Postby morganhancock on Thu Mar 16, 2017 7:42 am

LeslieT wrote:If you use standard Git tools, the question of how you group one or more projects into a repository is more how you need to branch. The approach that worked best for me and my teams was to create repos based on how product was released and doc outputs published. Think about how you need to build and publish to determine what belongs together and what should be separate.


That's actually how I first planned to structure our repositories—with the English project in the master branch and the translated projects in other branches, say "master-DE" and "master-FR." To work on work of those projects, a writer would branch off of either master, master-DE, or master-FR, and merge back into that branch after development. Oh and each product gets its own repository.

However, a developer that helped us set up localization with Smartling discouraged us from doing that.
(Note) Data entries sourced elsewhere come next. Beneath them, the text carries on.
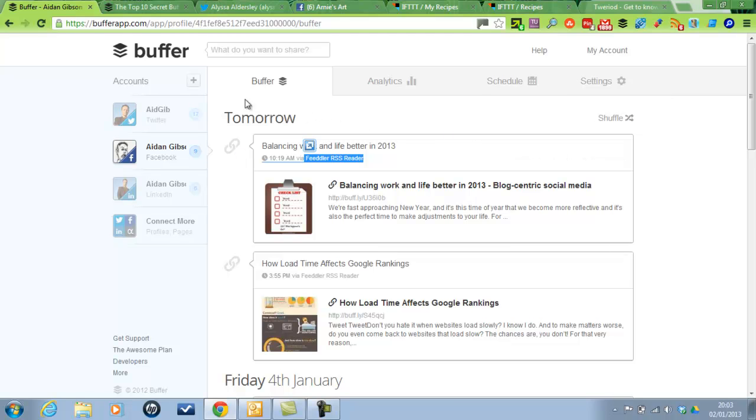I think with Buffer it's brilliant, but it's only a fraction of what you should be doing with social media. You should be engaging, you should be interacting, you should be networking on social media, not just blasting out a load of links and tweets and updates.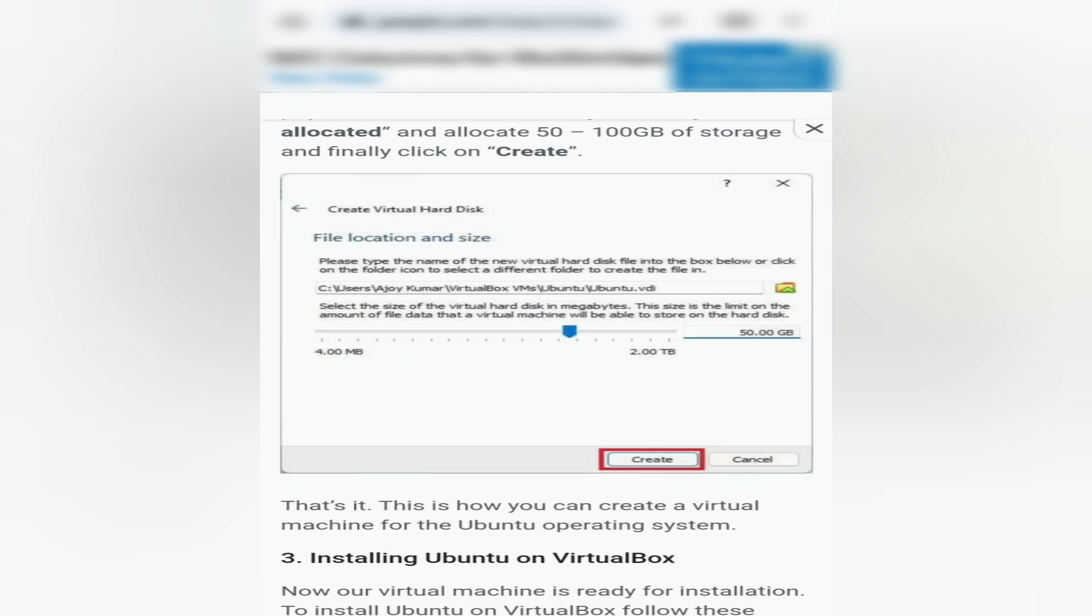And that's it! This is how you can create a virtual machine for the Ubuntu operating system.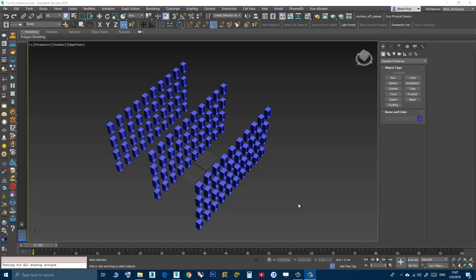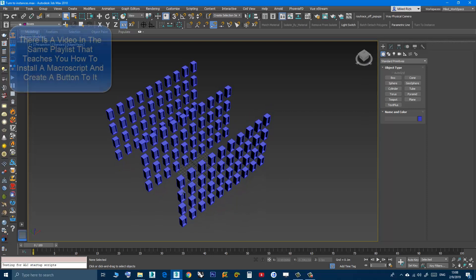Hi, in this video I will present you with a small script I created. It will help you in the situation where you create an object, do some modeling with it, then make lots of copies — not instances — place them where you want, and then discover that you need to do some adjustments to these objects, which is lots of work. This is where you need a script like this, and here is how it works.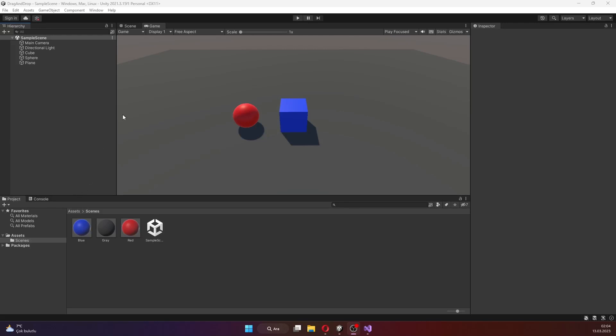Hello everyone, I'm Bahadır. I am telling you how to drag and drop 3D objects using mouse input in Unity 3D. Let's get started.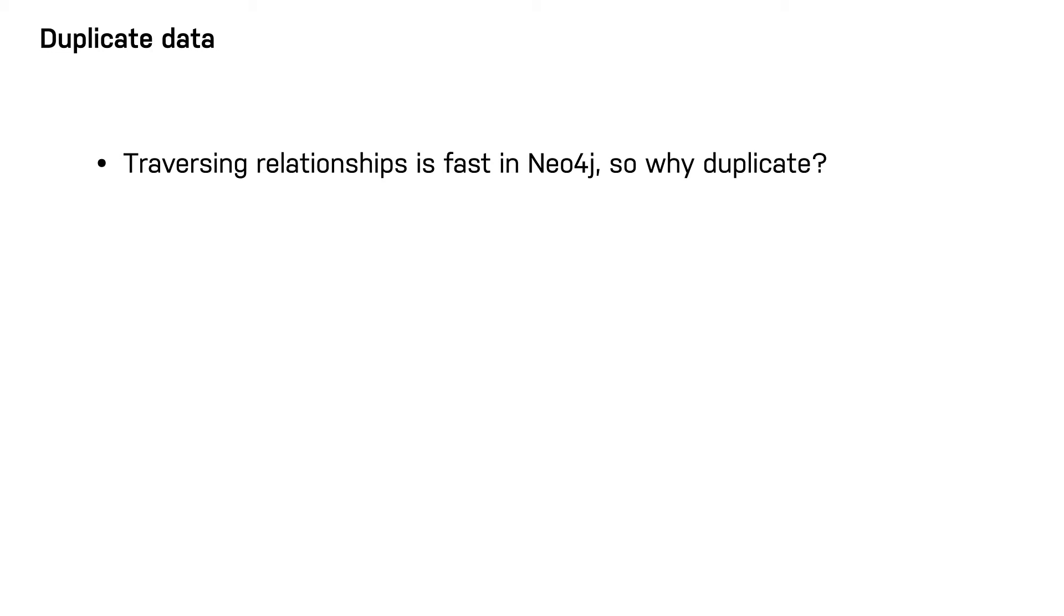Deduplicating data gives you the added benefit of allowing you to query through a node. For example, finding other customers who have purchased a particular product, or finding similar movies based on the rating of other users.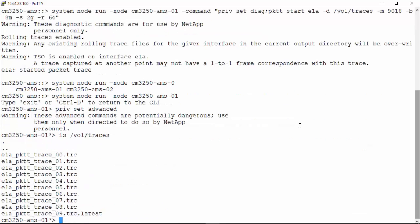And finally, to stop the trace, issue the command as displayed on the screen.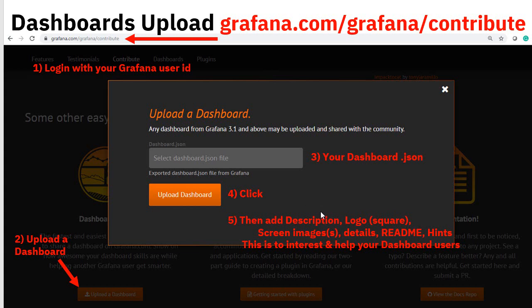After uploading, Grafana will ask for quite a lot of details to help users of the new dashboard — a description, which can actually be included in the JSON file if you added a description before saving and exporting. You can also upload images: the first is a square logo (if you give it an oblong logo it'll cut off the sides). Then there are screen images — I'm uploading four or five examples to give people an idea of what they'll get. There are also readme-style hints and tips explaining what the dashboard is for and what graphs it demonstrates.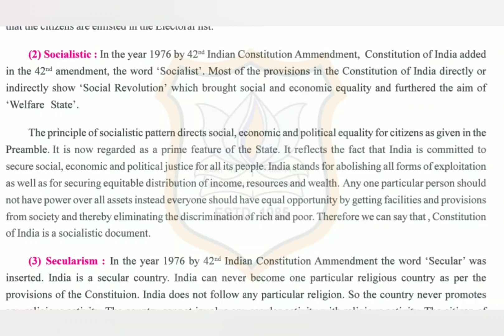Most of the provisions in the Constitution of India directly or indirectly show social revolution, which brought social and economic equality and furthered the aim of a welfare state. The principle of the socialistic pattern directs social, economic, and political equality for citizens as given in the preamble. It is now regarded as a prime feature of the state.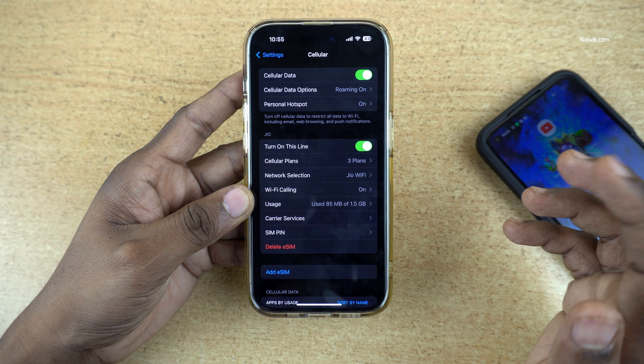Under Cellular you can see the Jio network and the status showing "Activating." After waiting one or two hours, you will get the signal. You can see the signal on the new iPhone, and on the other phone the signal is gone. That's it — in this way you can convert your physical SIM to eSIM on your iPhone.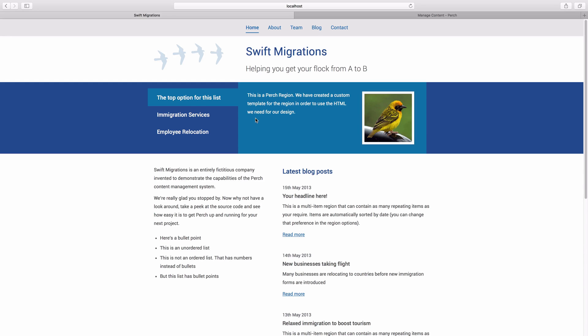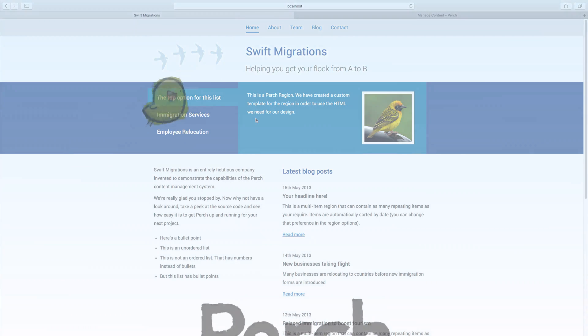So that's a very simple way to ensure that you don't end up with stray markup in your template. A common thing to do would be to use a perch if around the image element, because obviously if you've got the image SRC and they don't upload it, you're going to end up with empty image elements in your page, you don't want that. So use perch if around any markup that you don't want to output if someone doesn't complete a field that is optional.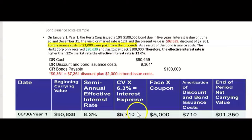That gives us interest expense of $5,710 for June 30th. Journal entry: debit Interest Expense $5,710, credit Cash $5,000 (based on stated rate — that never changes), and credit Discount and Bond Issuance Costs $710 (the plug). The new end-of-period carrying value: $90,639 + $710 = $91,350.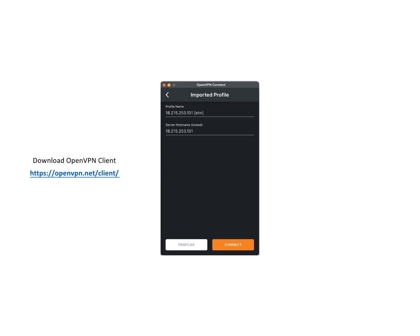Before connecting, download and install the OpenVPN client from the official website, https://openvpn.net/client/. This software allows you to connect to your VPN server securely.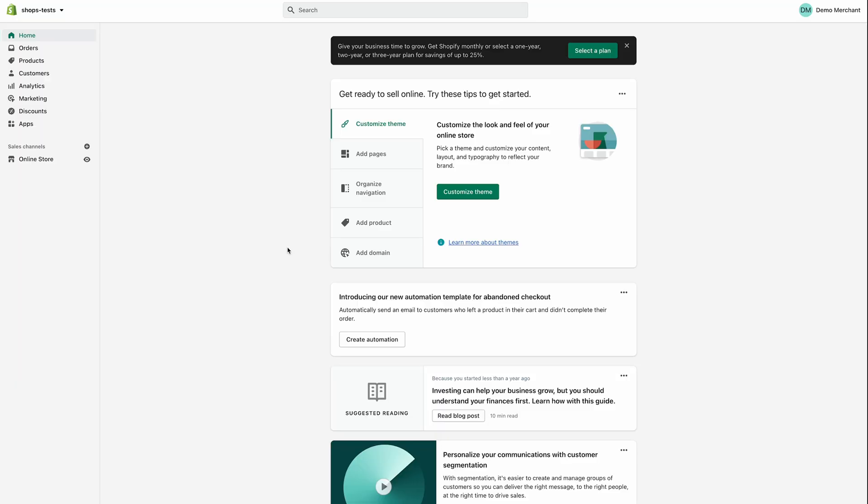I'm Wale from the Developer Relations team at Paystack. I'm here to show you how to install Paystack into your Shopify store. It's pretty simple and easy and will be done very shortly.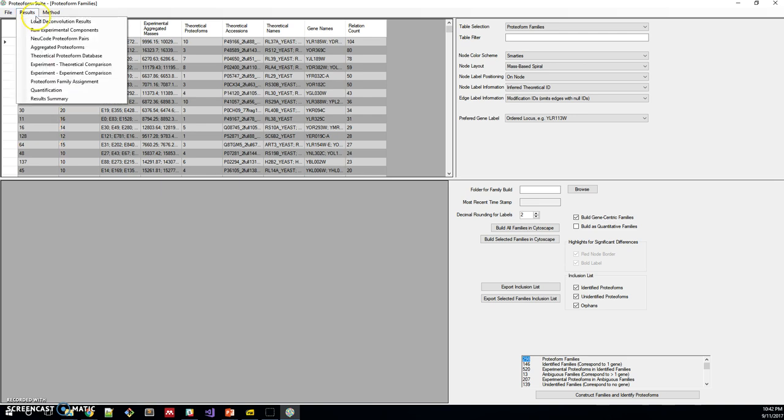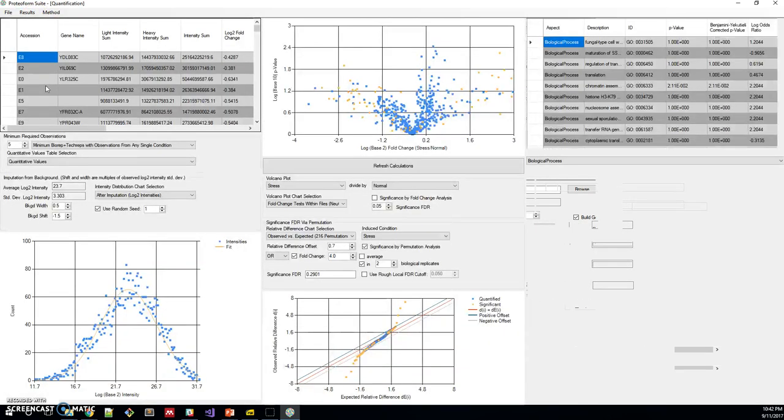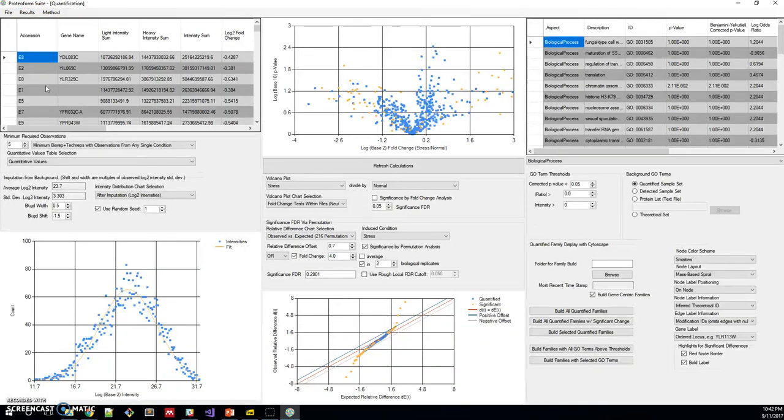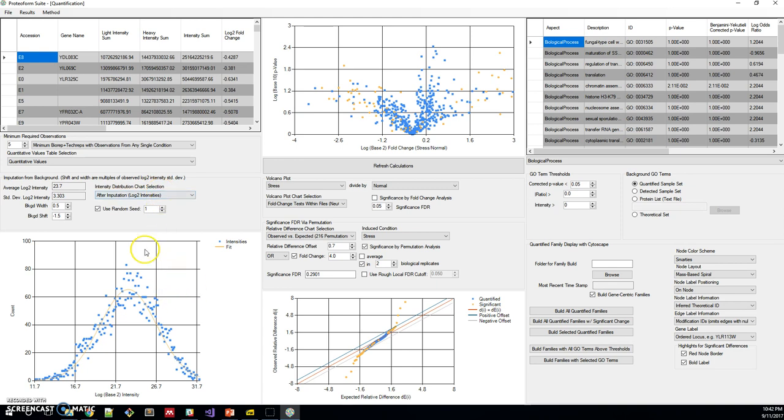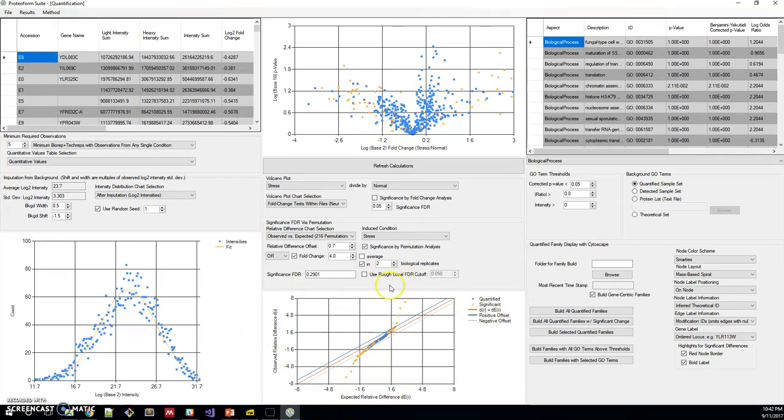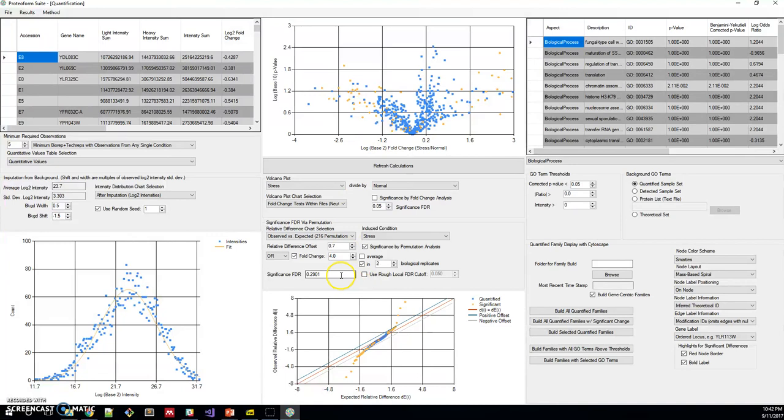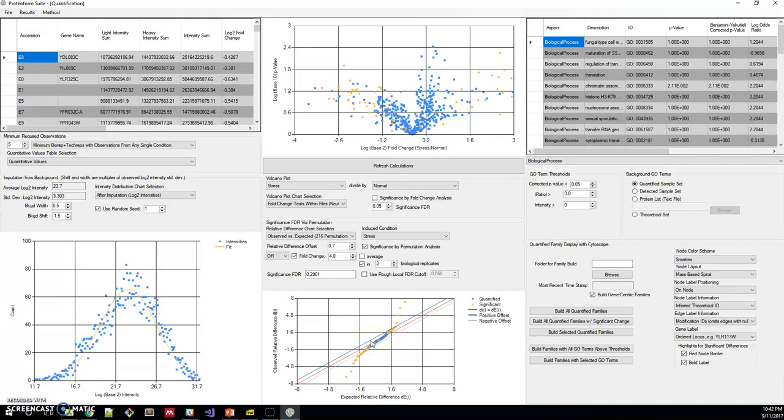Lastly, we use those proteoform families and the quantification results to do statistics and GO-term analysis. You can see here, this is the intensity distribution for quantified proteoforms. This is the permutation analysis result. Up here, we have log fold changes as well, where the yellow ones were significant, called by permutation analysis or by a fold change greater than four and at least two biological replicates. On the right here, we have GO-analysis.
I forget his exact reasoning (sorry!), but basically it didn't align with the best practices followed by the engineers at my company. I'm glad it's worked out for you guys though!

We have 3 Flare projects in most of our repositories. Our repositories have this folder structure:
Code: Select all
 Product
   -en_US
      -Flare project, files, & folders
    -translations
      -de_DE
         -Flare project, files, & folders
      -fr_FR
         -Flare project, files, & folders

And while working in that repository, the writer creates a development branch off of master and merges back into master after development. This works for us.
Also, last I checked, you can't have multiple Flare projects in a repository and use Flare's git integration... At least not in our setup.

It's cool that there's so many different ways to structure a git repo to fit doc needs! Yay git!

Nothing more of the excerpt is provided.